Anonymous cryptocurrencies may offer a solution. For example, Zcash and Monero are truly anonymous digital currencies. What Monero and physical cash have in common is fungibility. When you open your wallet, you have no idea who has used your coins in the past or who will use it in the future. Coins have no transaction history and are mutually interchangeable which is not the case for bank or credit card transactions. If you receive a digital transaction, it is easy to find out and trace the origin, look up through where it has passed, and read into its future. There is no such thing as anonymity in a bank transaction.
Governments have many reasons to remove anonymity which allows for more control. They know who is buying from who, selling what, as well as the populations’ consumer habits. Privacy is a fundamental right which should apply to finance as it does to other aspects we value in our lives. Thanks to cryptocurrencies, truly anonymous, fungible cash is possible and available.
Edward Snowden’s quote is appropriate:
“Arguing that you don't care about the right to privacy because you have nothing to hide is no different than saying you don't care about free speech because you have nothing to say.”
Government monopoly prompts decentralization
A prediction can be made on how existing technologies can significantly alter the fabric of our society. We can use Uber as a real-life example of how change is taking place, and where it can lead us. In many major cities, Uber is highly regulated or completely prohibited, with the main purpose of eliminating competition for taxi drivers. In Berlin, Uber is obliged to charge an equal amount as taxi drivers, as to not to harm their business. In cities all over the world, taxi drivers are striking and protesting, demanding (and receiving) action against Uber. It is easy enough to ban it as a central company, as it has already been done in London, Budapest, Barcelona, Denmark, Finland and the Netherlands.
The solution, if a society desires these services – is to decentralize Uber. These projects already exist – for instance, Arcade City provides a peer-to-peer taxi system in Austin, Texas, “with networks built by local communities, not corporations.” As governments continue to ban Uber, more people will turn to decentralized versions of Uber. Technically speaking, these cannot be shut down or regulated.
In the prospect that this decentralized Uber itself continues operating, a possible response could be that visa card will reject payments between their users. This situation will prompt people to switch from the state currency to cryptocurrencies, especially anonymous ones, paving the way for a truly decentralized application of Uber where all drivers and passengers will use anonymous cryptocurrency. If there is a specific a legal subject behind this decentralized business, the government can still ban, regulate or sue the given legal entity. But this is not possible if the company is fully decentralized.

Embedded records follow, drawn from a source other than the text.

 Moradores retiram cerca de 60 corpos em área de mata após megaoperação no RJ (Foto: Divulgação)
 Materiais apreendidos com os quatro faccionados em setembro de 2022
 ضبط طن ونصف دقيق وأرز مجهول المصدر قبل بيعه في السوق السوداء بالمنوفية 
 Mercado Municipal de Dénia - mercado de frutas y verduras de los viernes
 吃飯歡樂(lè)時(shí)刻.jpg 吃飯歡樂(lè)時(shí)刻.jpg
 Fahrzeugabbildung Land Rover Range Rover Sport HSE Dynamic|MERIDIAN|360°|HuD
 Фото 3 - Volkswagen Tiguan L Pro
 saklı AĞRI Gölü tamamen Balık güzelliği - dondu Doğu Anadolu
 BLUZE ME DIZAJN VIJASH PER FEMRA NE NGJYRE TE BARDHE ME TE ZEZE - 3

Government will lose monopoly due to decentralization & cryptocurrency
Today, the states have a monopoly over business licenses, as they hold the control over what is legal. However, this may not be true for the future. In decentralized autonomous organizations (DAO), relationships between company owners can be defined by smart contracts, and store to a decentralized blockchain. Authoritative hierarchy (as a naturalized practice in governments or corporations) is ruled out as all rules are enforced digitally (using so-called “oracles” which interact with physical reality). If more and more companies will do businesses as decentralized autonomous organizations, governments will lose the monopoly.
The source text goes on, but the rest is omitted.